WHAT YOU HAVE TO DO: A word-for-word copy of the data is what's wanted; pictures stay out of it.

RECORDS TO PROCESS Block Start

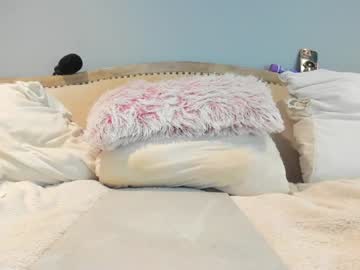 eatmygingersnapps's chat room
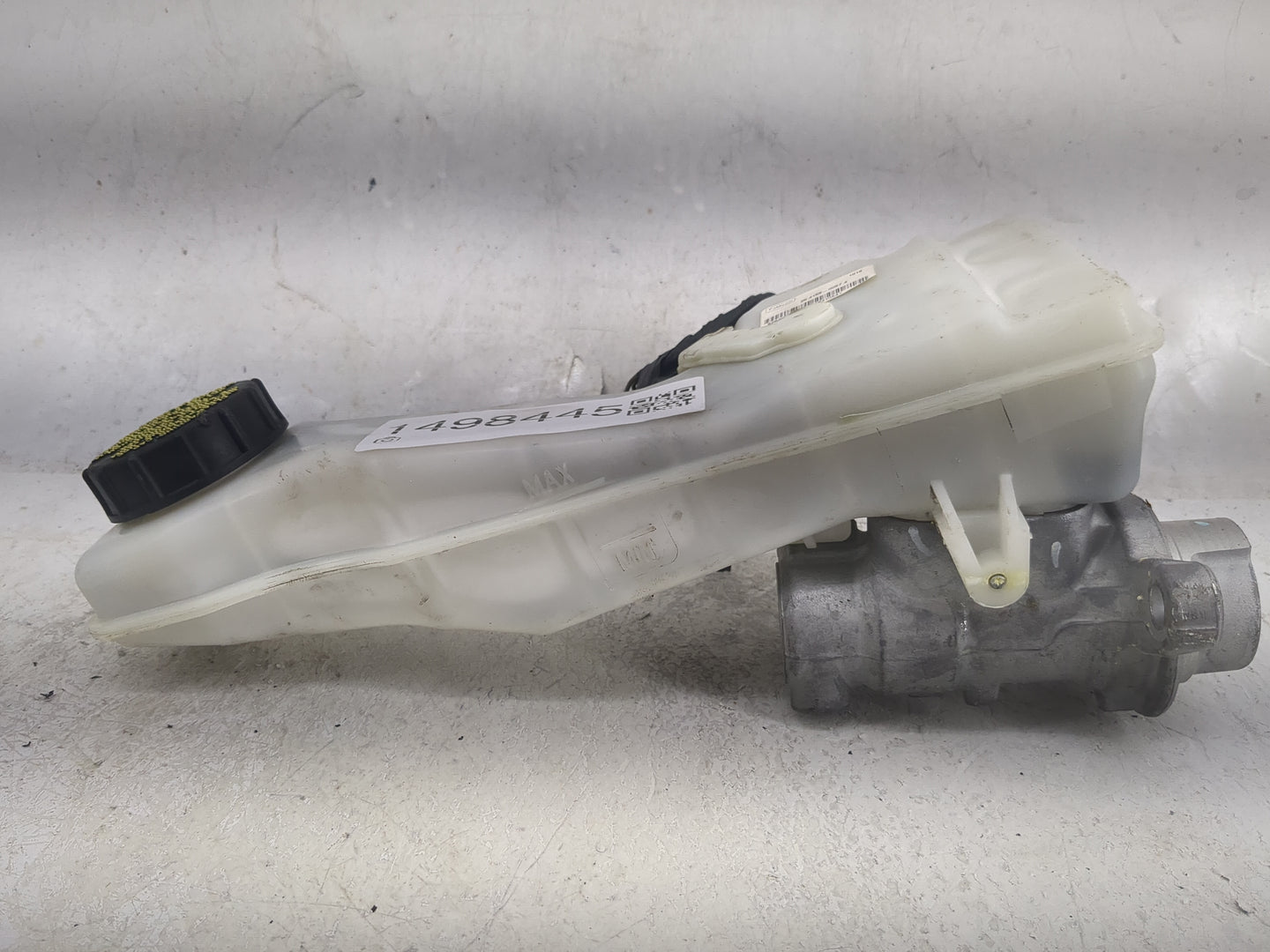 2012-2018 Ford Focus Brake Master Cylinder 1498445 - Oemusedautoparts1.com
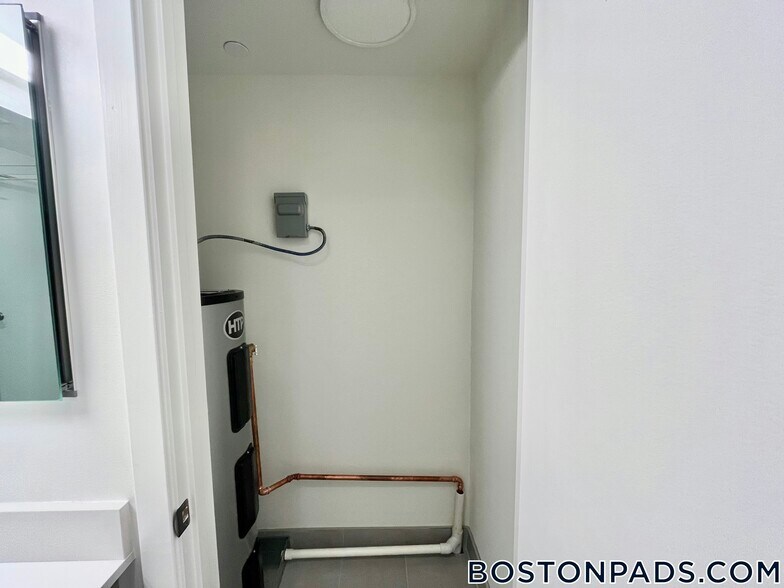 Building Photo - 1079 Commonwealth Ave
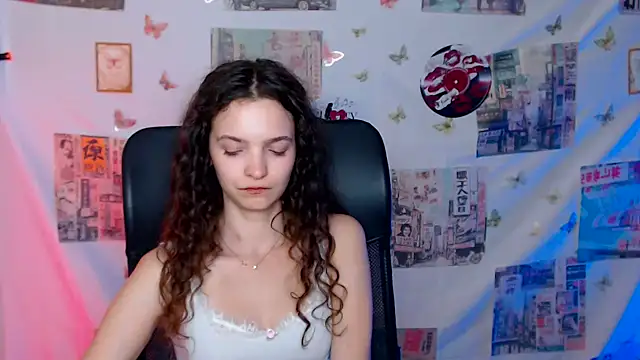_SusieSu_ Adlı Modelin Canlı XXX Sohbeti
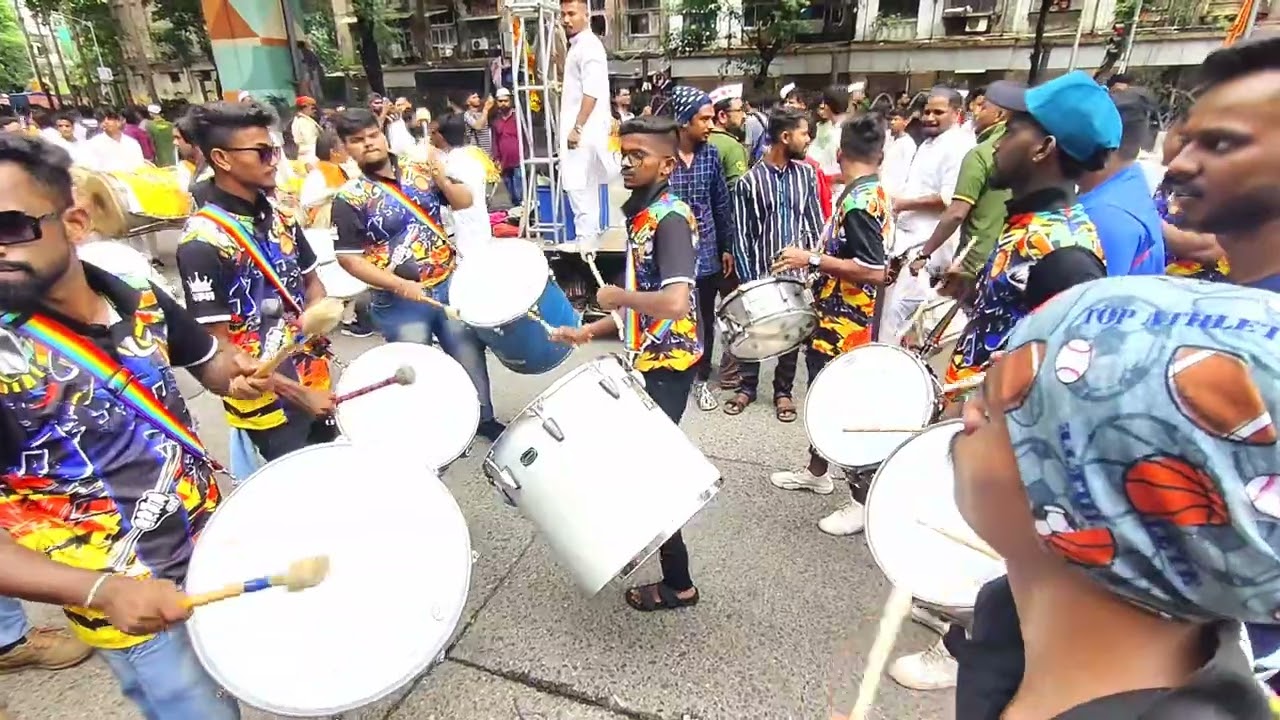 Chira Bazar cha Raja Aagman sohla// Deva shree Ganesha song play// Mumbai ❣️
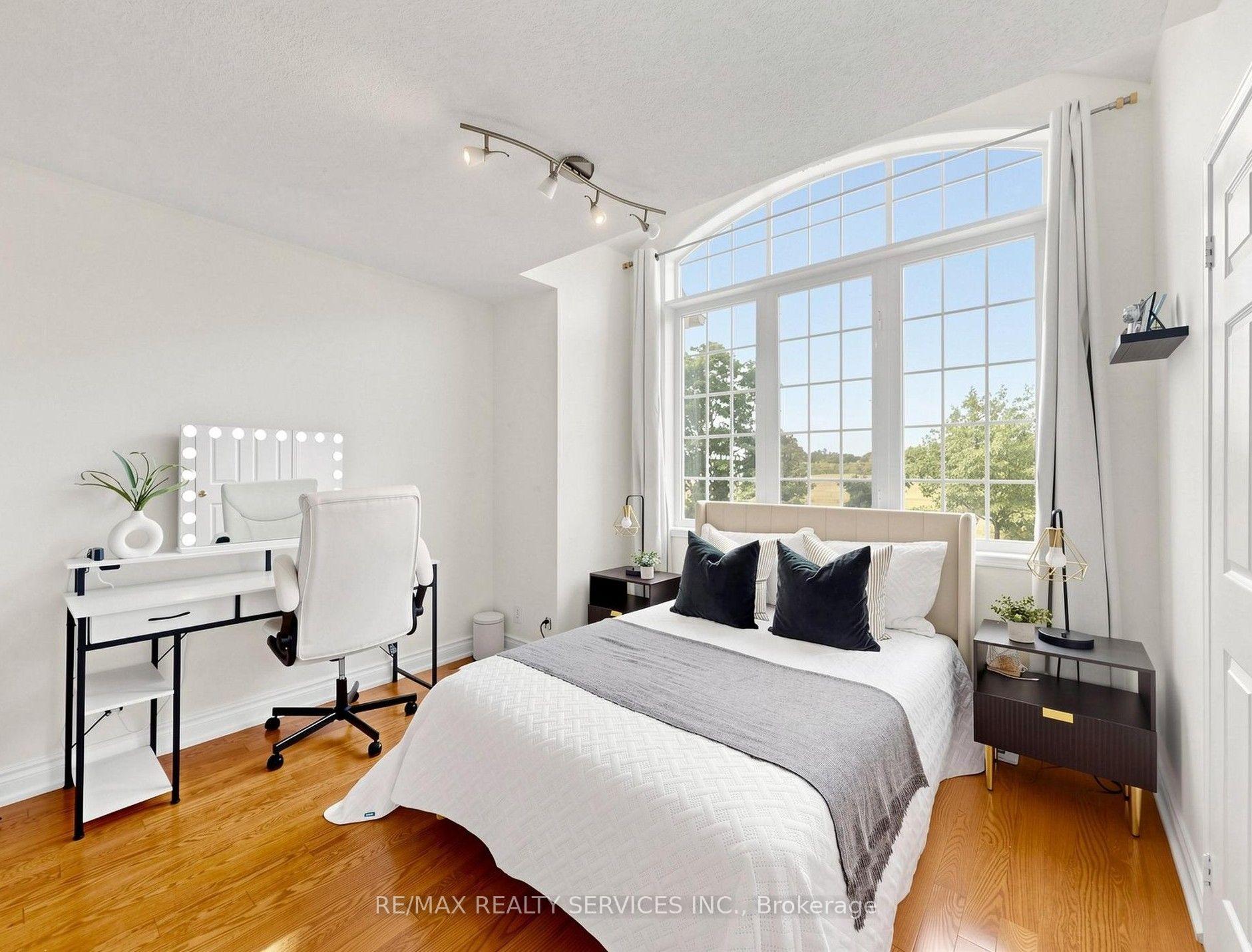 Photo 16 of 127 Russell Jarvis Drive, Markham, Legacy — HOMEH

RECORDS TO PROCESS Block End

RESPONSE FOR THIS EXERCISE:
 eatmygingersnapps's chat room
 2012-2018 Ford Focus Brake Master Cylinder 1498445 - Oemusedautoparts1.com
 Building Photo - 1079 Commonwealth Ave
_SusieSu_ Adlı Modelin Canlı XXX Sohbeti
 Chira Bazar cha Raja Aagman sohla// Deva shree Ganesha song play// Mumbai ❣️
 Photo 16 of 127 Russell Jarvis Drive, Markham, Legacy — HOMEH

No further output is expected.